## Exercise objective
Pictures stay out, but every line of the data is copied exactly.

Data extracted from a collection
== Segment start ==

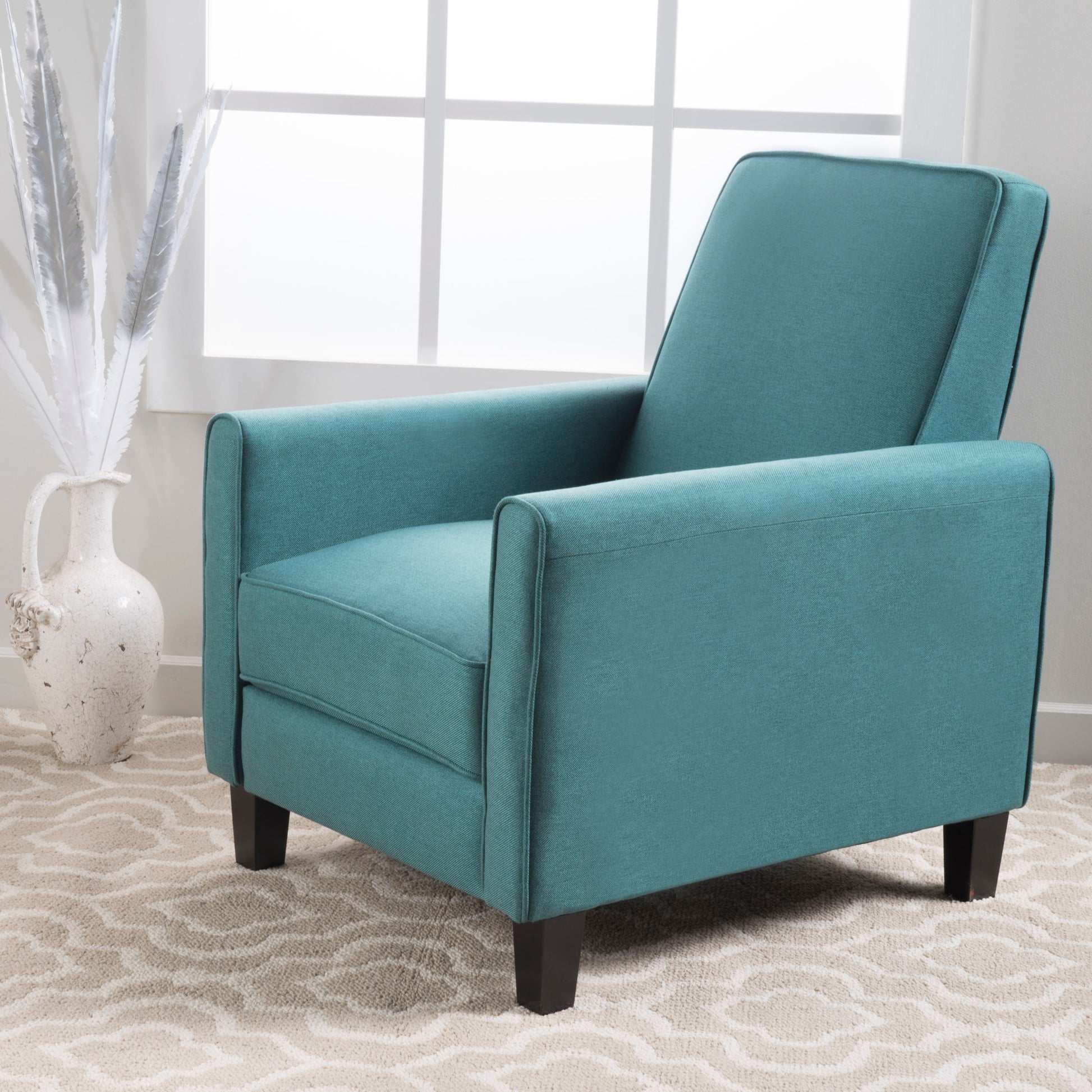 Teal Linen Push Back Chair For Elegant Home D Cor Teal Fabric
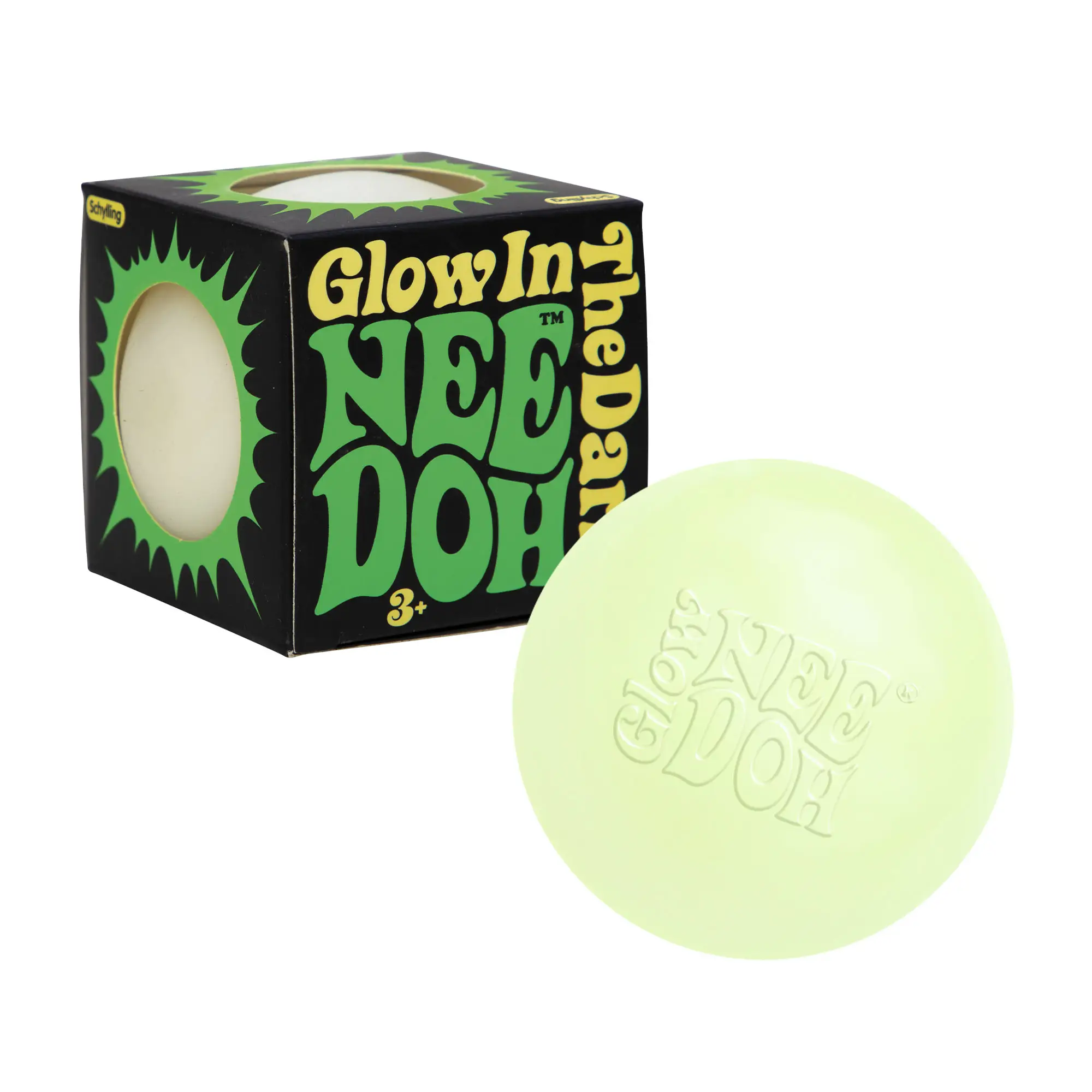 NeeDoh Glow in the Dark - Glowing Sensory Toy with a Satisfying Doh Filling - Ages 3 and Up - One Piece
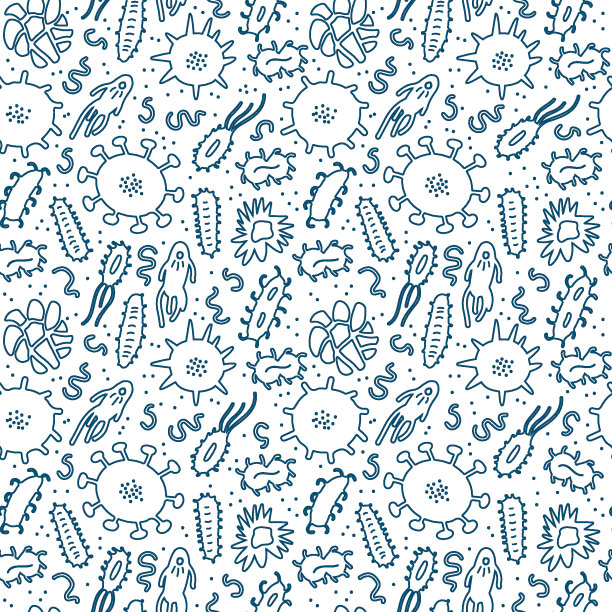 细菌和病菌轮廓图案。白色背景上分离出重复的微生物。图片下载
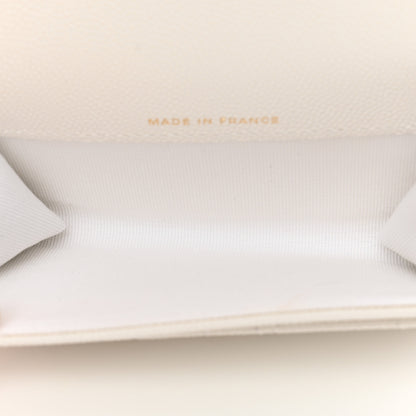 Chanel Caviar Quilted Flap Card Holder Wallet White 5 of 10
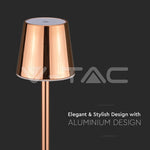 3W(70Lm) LED skrivbordslampa, V-TAC, IP20, guld, DC:5V, 1A, 4000mAh, Micro USB-kabel, varmvitt ljus 3000K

== Segment end ==

## Result of this exercise
 Teal Linen Push Back Chair For Elegant Home D Cor Teal Fabric
 NeeDoh Glow in the Dark - Glowing Sensory Toy with a Satisfying Doh Filling - Ages 3 and Up - One Piece
 细菌和病菌轮廓图案。白色背景上分离出重复的微生物。图片下载
 Chanel Caviar Quilted Flap Card Holder Wallet White 5 of 10
 3W(70Lm) LED skrivbordslampa, V-TAC, IP20, guld, DC:5V, 1A, 4000mAh, Micro USB-kabel, varmvitt ljus 3000K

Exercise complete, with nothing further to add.